New features in C# 4.0

August 3rd, 2011 Add Your Comments

With this post I will try to continue my series of articles dedicated to the new fetures added to C# in each of its new versions. As in the previous cases, I will not only try to provide an overview of the features, but also bring you up to speed with them.

Dynamic types

Every new version of C# had its main attraction point. C# 2.0 had generics, C# 3.0 had LINQ and C# 4.0 has dynamic types, allowing it to combine the strength of strong typed languages with the flexibility of the dynamic ones. Personally, I believe that with this new addition, C# has become one of the most evolved languages of today. However, there is a significant number of people that might disagree with my opinion, considering that dynamic types will open the hell gates into C#, allowing programmers, especially inexperienced ones, to create code that is hard to read, debug or maintain.

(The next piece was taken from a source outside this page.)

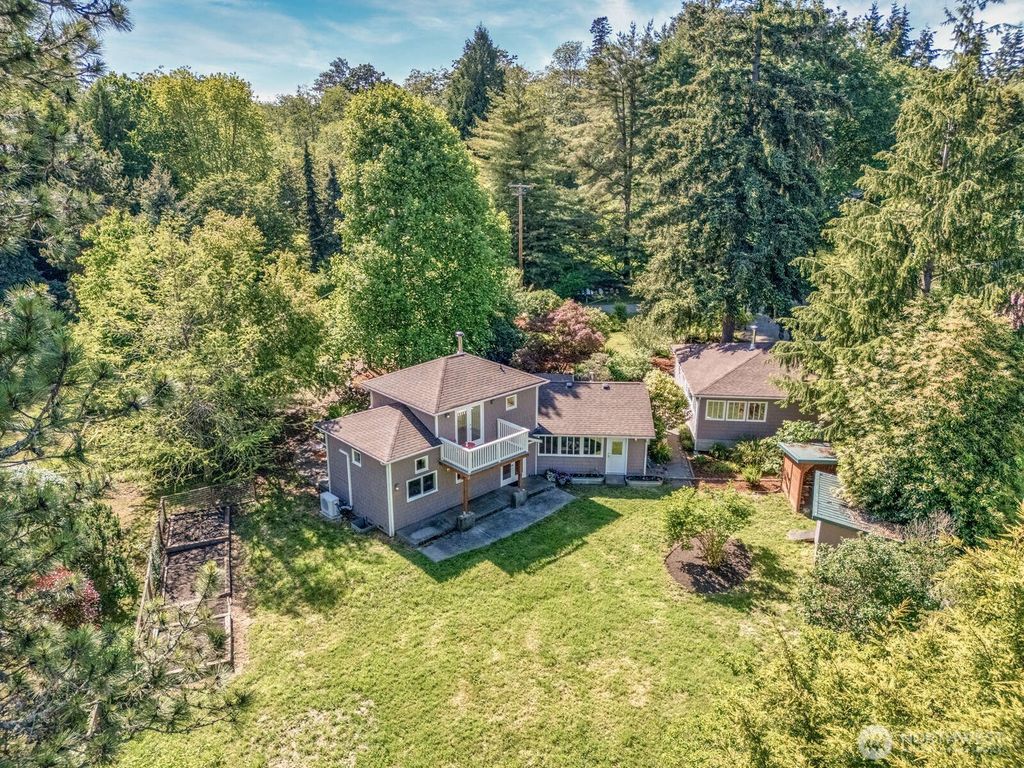 22604 Deppman Road SW, Vashon, WA 98070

In this section I will try to give a short overview on what the dynamic types are, when they should be used and when they should be avoided, so that you can benefit from their flexibility but at the same time avoid their pitfalls.

Syntactically, dynamic types are expressed using the dynamic keyword:

dynamic myDynamicVar = "Hello world";
Console.WriteLine(myDynamicVar.GetType().ToString());

The dynamic keyword can be used in a multitude of places: for local method variables, for method parameters, for method return values, for class instance or static fields and even for generic types. The code bellow illustrates valid uses of the dynamic keyword:

class MyClass
{
    private dynamic _instaceDynObj;
    private static dynamic staticDynObj;

    public dynamic DoOperation(dynamic dynParam1, dynamic dynParam2)
    {
        dynamic localDyn;
        List<dynamic> colOfDynObjects;

        return "Hello world";
    }
}

Variables denoted with the dynamic keyword are actually of static types, but their evaluation is only going to be done at runtime, by a new component in the .Net framework called Dynamic Language Runtime, or DLR. The DLR sits on top of the Common Language Runtime (CLR) and its responsibility is to identify the type of an object at runtime, along with all the available methods, properties and fields. The following code sample illustrates that:

// initialize dynamic object with a string
dynamic dynObj = "Hello world";

// call the Legth property on the dynamic object
Console.WriteLine(dynObj.Length);
// call Jump() function on the dynamic object.
// The code will compile just fine, but since the dynamic objects is actually a string 
// and string does not contain a Jump() method, a RuntimeBinderException will be thrown at runtime
dynObj.Jump();

Conversions to and from the dynamic type are implicit. It is important to note that they will only be evaluated at runtime and each invalid conversion will be translated into a runtime exception:

dynamic dynObj = "Hello world"; // implicit conversion  from sting to dynamic

string str = dynObj; // implicit conversion from dynamic to string
Console.WriteLine(str.Length);

int myInt = dynObj; // implicit conversion allowed by compiler by will cause a runtime exception

One of the key aspects of dynamic programming is the ability to add or remove members to an object at runtime. As mentioned a bit earlier, in .Net, dynamic types are in fact static types which are evaluated at runtime. Because of that we cannot say C# is fully dynamic.

In order to emulate the dynamic functionality of adding members to objects at runtime, .Net comes with the IDynamicMetaObjectProvider interface. Classes implementing it will have a full dynamic behavior.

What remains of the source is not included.